When I first read about Julia, I dismissed it as a nice idea that was coming too late into an already crowded niche space of programming languages. Fast forward almost two years and Doug Bates (of mixed effects models fame) is using it, and even Wired is is talking about it. So I decided to give it a try by making a phylogenetic library; don’t get too excited because it only sort-of loads a Newick phylogeny and not much else.

My first impressions were very good. It is fast – my code is dreadful (I wrote it with a few beers) and even with recursion it’s usable. It’s also very readable; despite a few quirks, it’s probably easier to read than R. The features that impressed me (in vague order of increasing nerdiness) are:

  • Easy to use multiple processors
  • Package management is all linked into GitHub, so there’s no messing around with CRAN-like central repositories (…yes, that could also be bad)
  • The typing system is well-done and saved me time.
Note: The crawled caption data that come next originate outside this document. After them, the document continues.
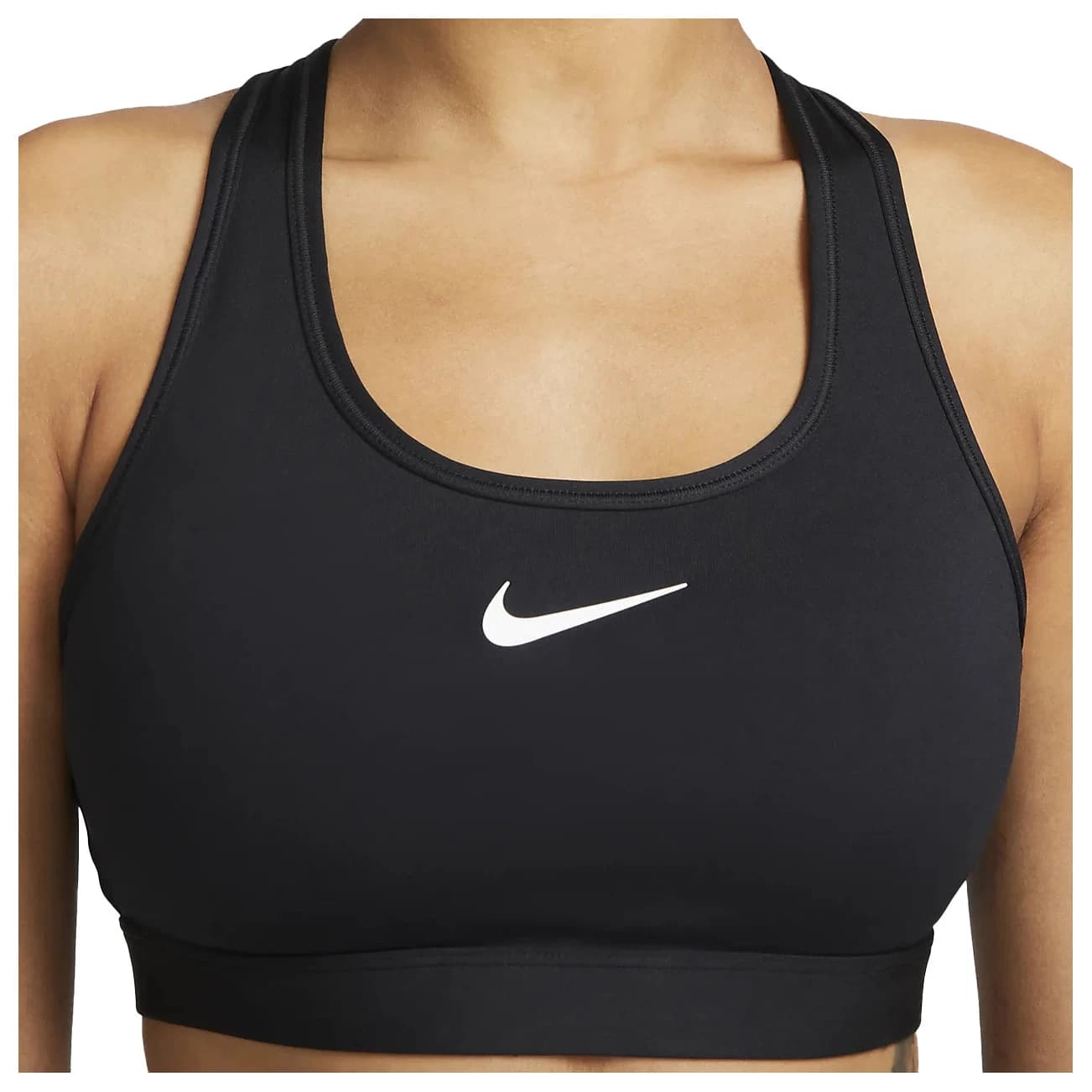Дамски спортен сутиен Nike Women's Dri-Fit Swoosh Medium Support Bra Sports bra - Black / White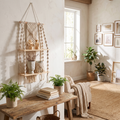 Boho Macrame Wall Shelf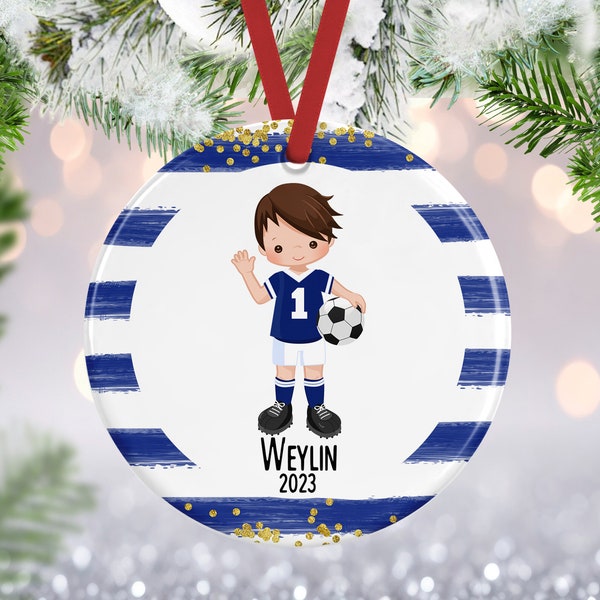 Boy Soccer Ornament | Christmas Ornament | Personalized Soccer Ornament | Soccer Player Gift | Soccer Gift | Kids Ornament | Sports Ornament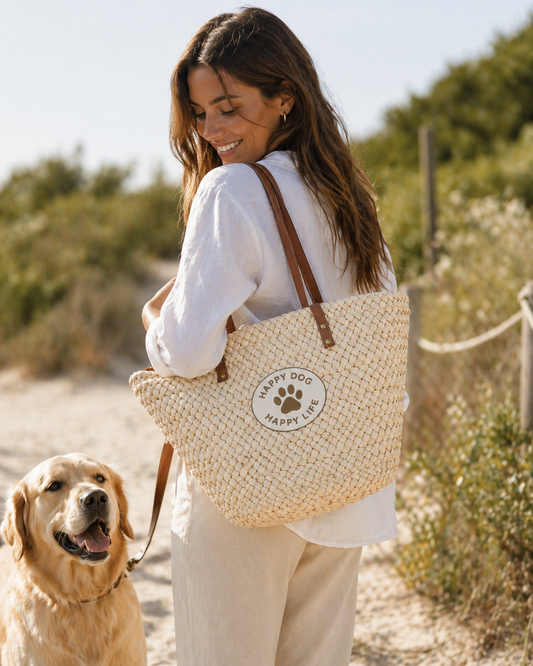 Happy Dog Woven Beach Tote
If I say a function only takes a phylogeny, it only takes a phylogeny, and is very vocal about it without me writing checking code
  • Types are defined explicitly, and there aren’t three kinds of class (R…!) to mess around with
  • Emacs (through ESS) already gives me a good coding environment. I couldn’t get JuliaStudio to work on my Ubuntu computer, but I’m not a fan of RStudio anyway so it was no biggie

That said, there are kinks, and while it’s only at version 0.2 some are surprising gives it’s over two years old. You’re going to find yourself on developer discussion pages quite quickly because the help files are still being built. You can’t delete or redefine variables or types, which is a nightmare when you’re experimenting. I’ve had a rather vocal falling out with Julia’s regular expression matching (matchall, not match, is your friend), the debugger hasn’t been touched in a while (…but it works), and there’s no standardisation of graphics yet. More fundamentally, Julia needs to take statistical formulae seriously; the expression notation is sort of alright, but not every function listens to it. I want to be able to plot(y ~ x), damnit!

Bottom line: it’s not ready yet, it made me grow a few grey hairs, and The Queen isn’t dead so long live R. However, take a quick look at any package up on GitHub, and you’ll find something you won’t see on any R packages – there’s no C code. I’m tired of people talking about how great it is that you can easily use C++ in R – I learnt R specifically because I wanted to move away from C++. If you have to solve your problem using another language, maybe you weren’t using the right language to begin with. I don’t think Julia will supplant R any time soon, but I am going to keep plugging away at phylogenies in it; I want to do some big simulations and I really don’t want to return to C++. I doubt I’m the only one.